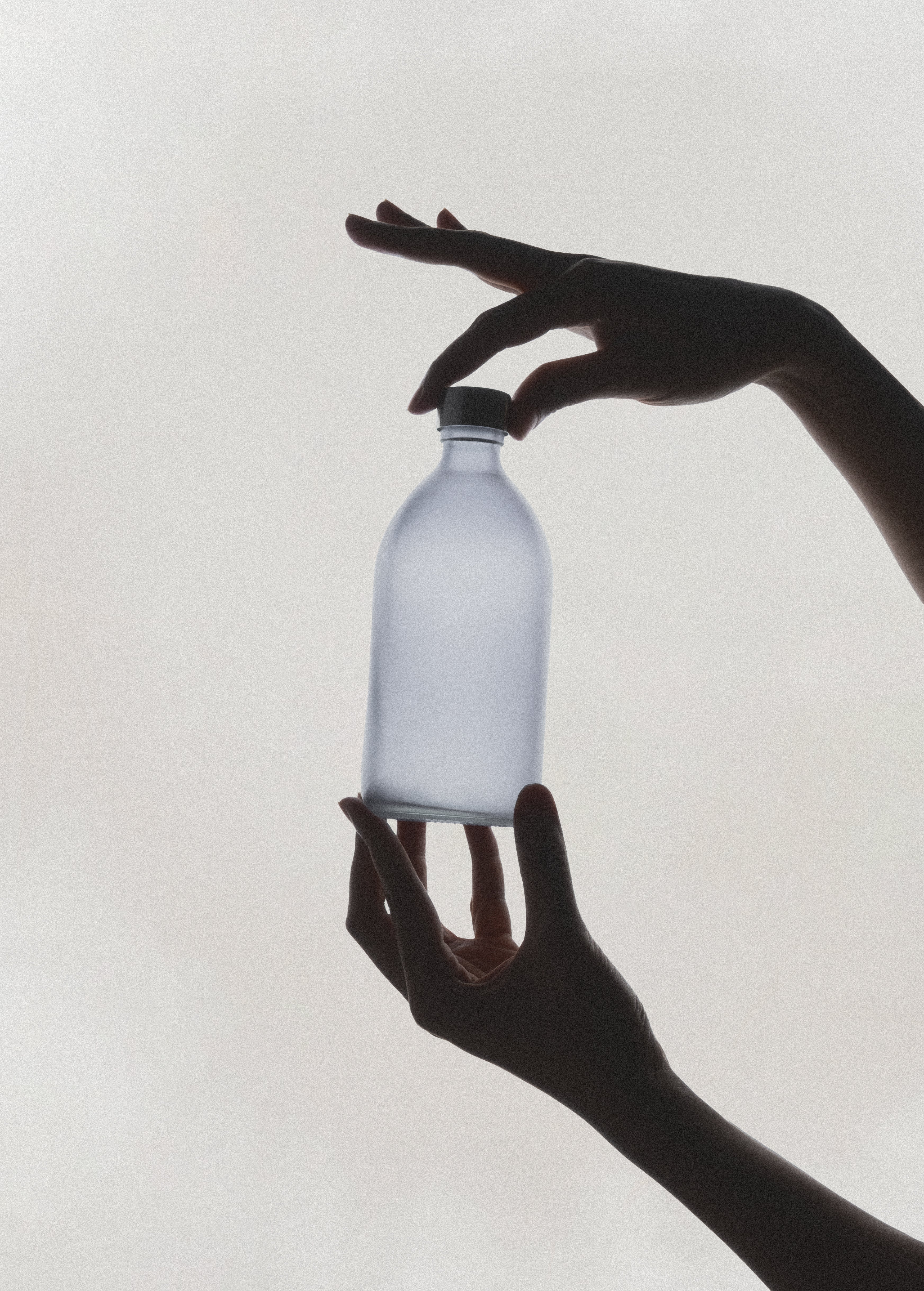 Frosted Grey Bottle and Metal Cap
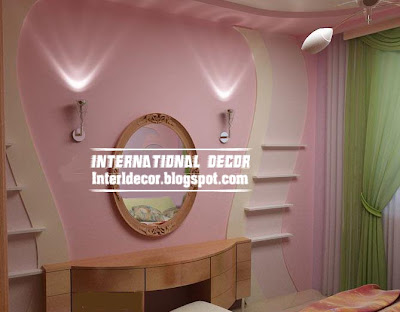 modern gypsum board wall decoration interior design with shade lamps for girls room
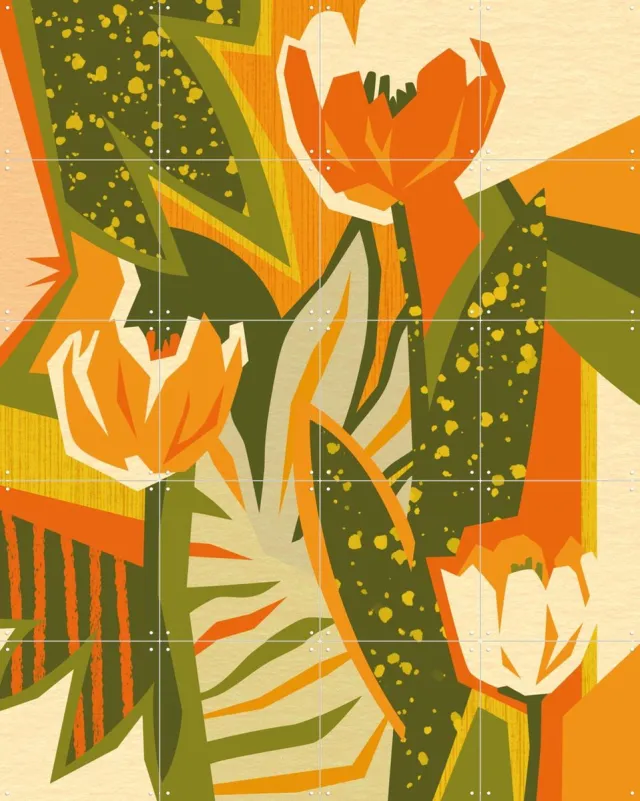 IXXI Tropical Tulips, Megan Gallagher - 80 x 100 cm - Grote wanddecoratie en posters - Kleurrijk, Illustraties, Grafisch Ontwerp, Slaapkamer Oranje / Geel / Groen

--

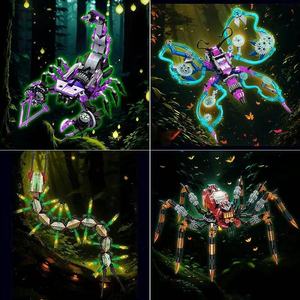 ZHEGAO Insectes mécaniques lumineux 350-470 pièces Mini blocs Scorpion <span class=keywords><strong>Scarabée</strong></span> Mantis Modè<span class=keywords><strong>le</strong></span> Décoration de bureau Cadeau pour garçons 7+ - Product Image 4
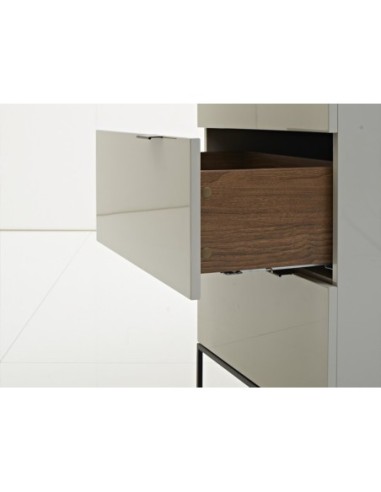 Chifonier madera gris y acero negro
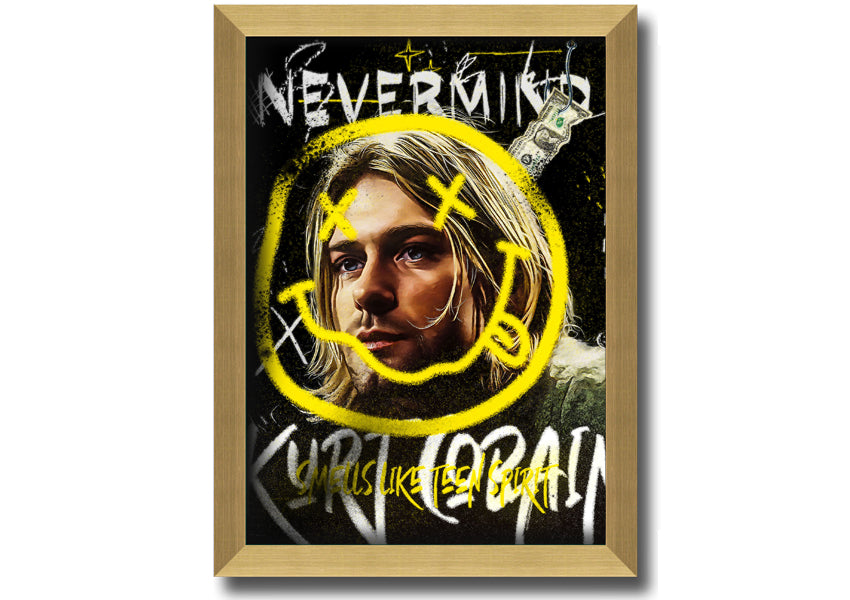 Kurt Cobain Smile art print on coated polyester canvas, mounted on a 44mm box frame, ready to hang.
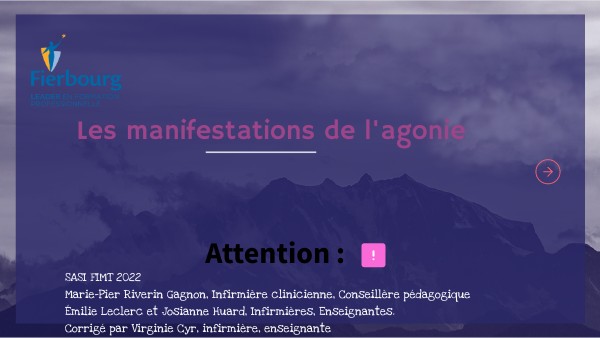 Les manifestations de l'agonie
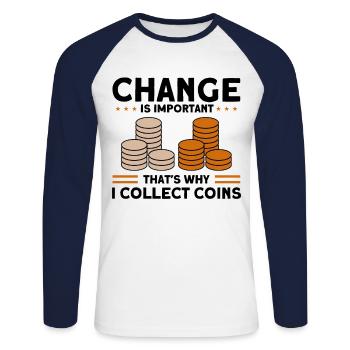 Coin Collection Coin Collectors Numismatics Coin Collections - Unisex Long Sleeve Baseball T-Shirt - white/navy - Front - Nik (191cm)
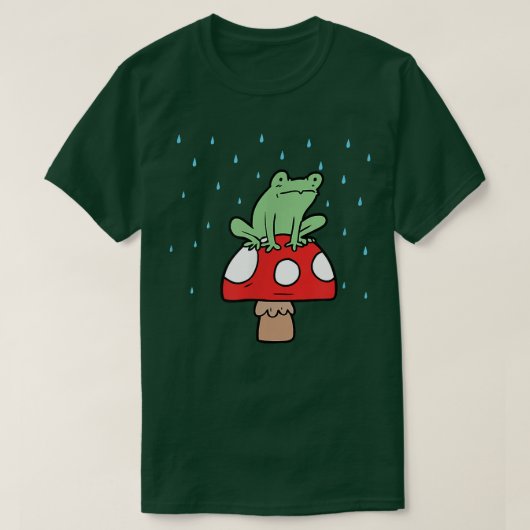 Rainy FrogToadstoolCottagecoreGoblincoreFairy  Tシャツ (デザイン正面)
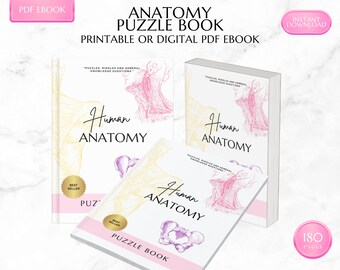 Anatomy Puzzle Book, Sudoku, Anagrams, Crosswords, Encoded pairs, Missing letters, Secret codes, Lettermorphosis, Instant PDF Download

--

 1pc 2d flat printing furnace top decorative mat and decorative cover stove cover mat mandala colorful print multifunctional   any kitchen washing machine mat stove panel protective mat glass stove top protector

Problem
In the material above, which lines fall between the one holding "Kurt Cobain Smile" and the one holding "Anatomy Puzzle Book, Sudoku, Anagrams, Crosswords, Encoded", inclusive? Print exactly those, with the pictures left out.

Solution to the exercise
 Kurt Cobain Smile art print on coated polyester canvas, mounted on a 44mm box frame, ready to hang.
 Les manifestations de l'agonie
 Coin Collection Coin Collectors Numismatics Coin Collections - Unisex Long Sleeve Baseball T-Shirt - white/navy - Front - Nik (191cm)
 Rainy FrogToadstoolCottagecoreGoblincoreFairy  Tシャツ (デザイン正面)
 Anatomy Puzzle Book, Sudoku, Anagrams, Crosswords, Encoded pairs, Missing letters, Secret codes, Lettermorphosis, Instant PDF Download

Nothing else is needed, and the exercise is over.